Scott Glosserman is a pretty smart guy, but you’d probably expect that from the filmmaker behind Behind the Mask: The Rise of Leslie Vernon, a movie that’s as clever as it is funny in the way it deconstructs the horror-slasher genre.
Having debuted almost exactly a year ago at the South by Southwest Film Festival, the mockumentary-like film shows the preparations by Leslie Vernon, a Michael Myers/Jason Voorhees-like serial killer, for a night of terror in which he’ll murder a group of teens staying at his old family home. Leslie, as played by Nathan Baesal (“Invasion”), really makes the most of the attention he gets from a documentary filmmaker played by Angela Goethals.
Whether you’re a fan of horror-slasher flicks like Halloween and Friday the 13th, or just want to see a very funny movie that’s based on the cliches inherent with the genre (and done in a smarter way than the “Scary Movie” films) then Behind the Mask is certainly something worth seeking out, even if it’s only for the fun appearances by the likes of Robert Englund, Zelda Rubinstein and Scott Wilson.
Regardless of whether you’ve seen the film yet, the following exclusive interview with Scott Glosserman offers some great insight into how a young, first-time filmmaker was able to make such a professional film despite working on a limited budget and with very little standing in the movie business at the time.
ComingSoon.net: I think I remember reading that the origins of this film lie in some paper you wrote in school.
Scott Glosserman: I happened to write my senior writing requirement in a Conventions of Horror Film class, and I did a whole explication of “The Shining,” but the initial conception of the movie wasn’t mine. There was an original writer, a guy named David Stieve, who wrote the first iteration of “Behind the Mask.” It just so happened that I received a copy of the script from my manager who knew of my interest in horror, and it was just a very serendipitous confluence of events, because David had already laid out this world that the film takes place in. I guess I was able to infuse some of the academia of horror into it.
CS: Can we assume that you were a pretty big fan of horror beforehand and wanted to make this movie an exercise in exploring the genre?

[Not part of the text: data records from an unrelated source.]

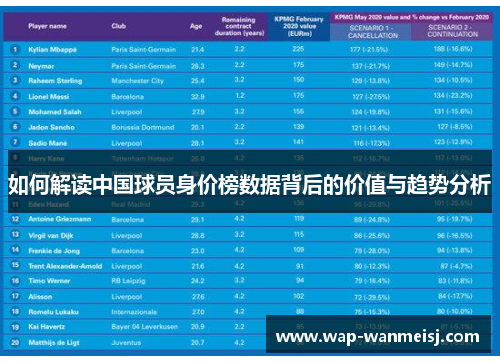 如何解读中国球员身价榜数据背后的价值与趋势分析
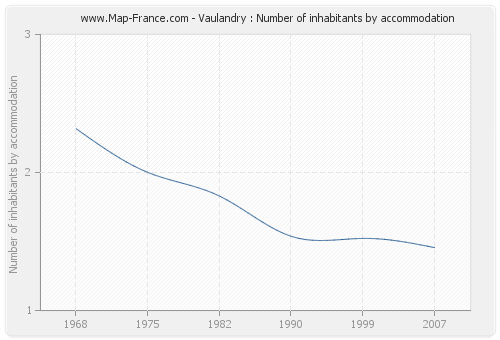 Vaulandry : Number of inhabitants by accommodation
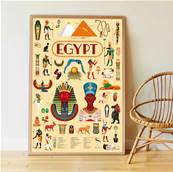 Stickers découverte - Egypte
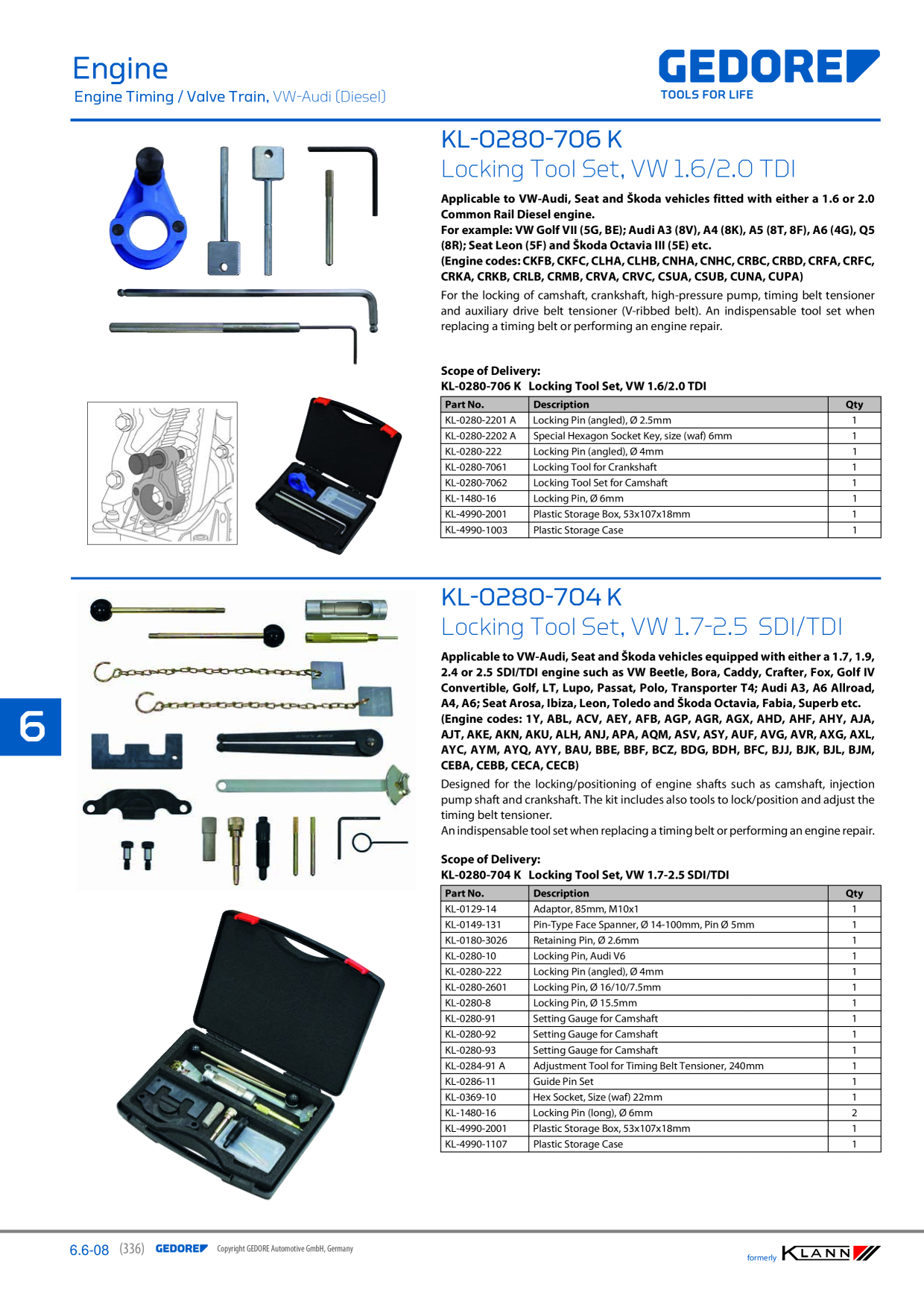 Catalog Overview Image
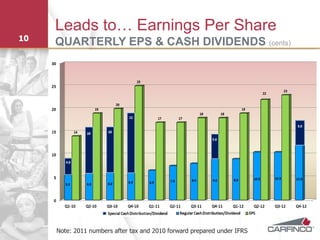 Leads to… Earnings Per Share
10
     QUARTERLY EPS & CASH DIVIDENDS (cents)




     Note: 2011 numbers after tax and 2010 forward prepared under IFRS
 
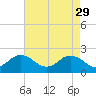 Cape Charles tide chart for Saturday, April 29, 2023
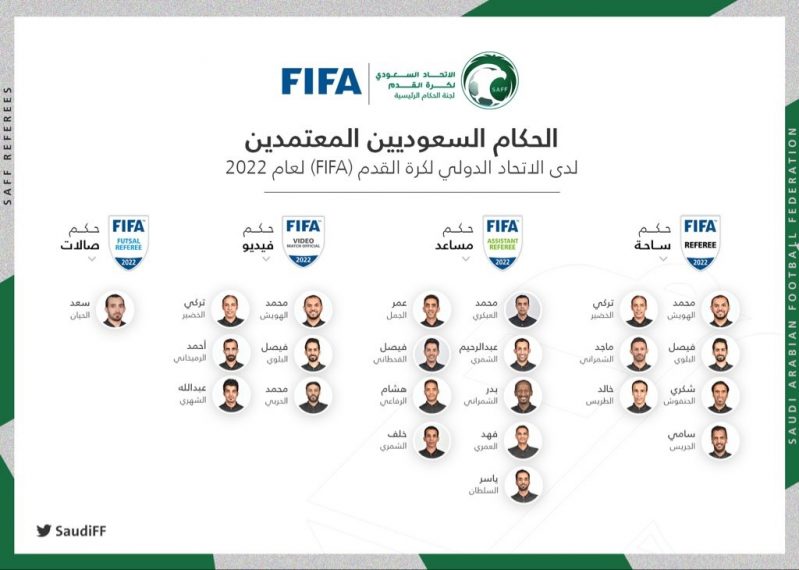 الحكام السعوديين في فيفا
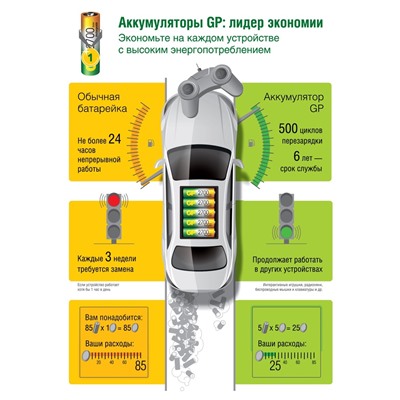 Аккумулятор GP, Ni-Mh, AAA, HR03-4BL, 1.2В, 1000 мАч, блистер, 3+1 шт.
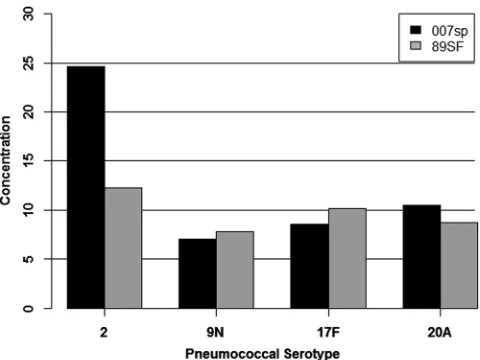 FIG 1 Comparison of the original assigned values for four serotypes in 89SF with those assigned to007sp.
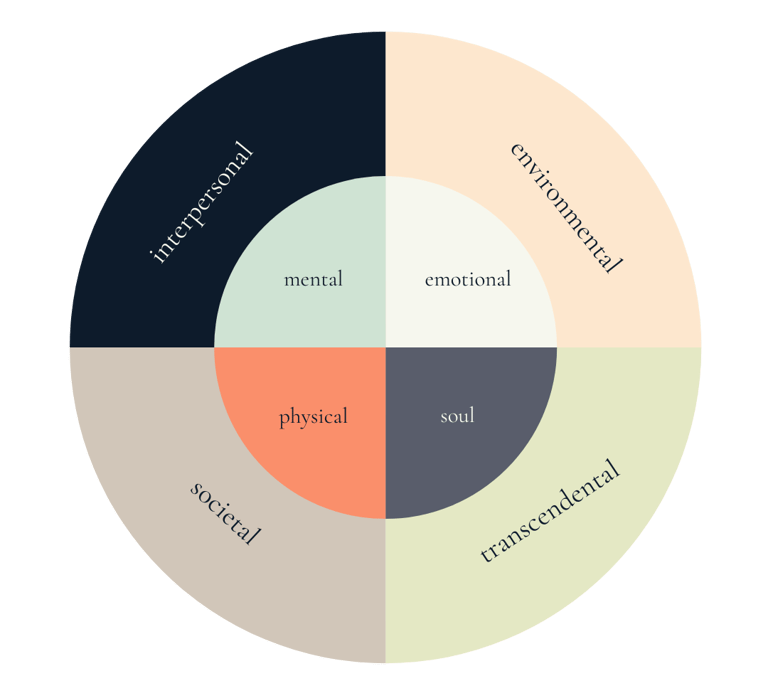 The 8 Dimensions of Embodied Peace by Julia Dencker - The Peaceful Path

Glosserman: I was, but I guess no more or less so than I am of cinema in general. As a student of film, I really loved to deconstruct all the genres and horror was one that I didn’t necessarily think had its fair shake yet. It was interesting how classic horror films not only reflected a social consciousness, and parallel what’s going in the world during that time. They do a great job of that, but also the consistent conventions and the archetypes of the slasher genre led me to believe that there was some sort of throughline and there’s something more that was going on beneath a superficial level that most people considered the genre to simply be.
CS: Was doing the film as a documentary part of David’s original script?
Glosserman: The original idea was only a mockumentary, more along the lines of a parody. In the development process, we decided to pay everything off by taking it to a horror film and basically resolving everything and adding a twist. The movie is basically a nostalgic celebration of horror films. The way I see a parody is with parody, you’re laughing at the film and you’re sort of making fun of the genre. This movie attempts to celebrate the genre, and you want to laugh with the film. The initial iterations of the script were very silly in the way that we had poker games with Jason and Freddy and Leatherface comes over for a barbecue. We wanted to create more of a cerebral satire than that, so we toned a lot of that down and created more of the explication that you see today.
CS: You mentioned this tonal switch in the movie where you’re laughing at this comedy and then it becomes this straight horror-thriller. Was that hard to do and how do audiences react to it?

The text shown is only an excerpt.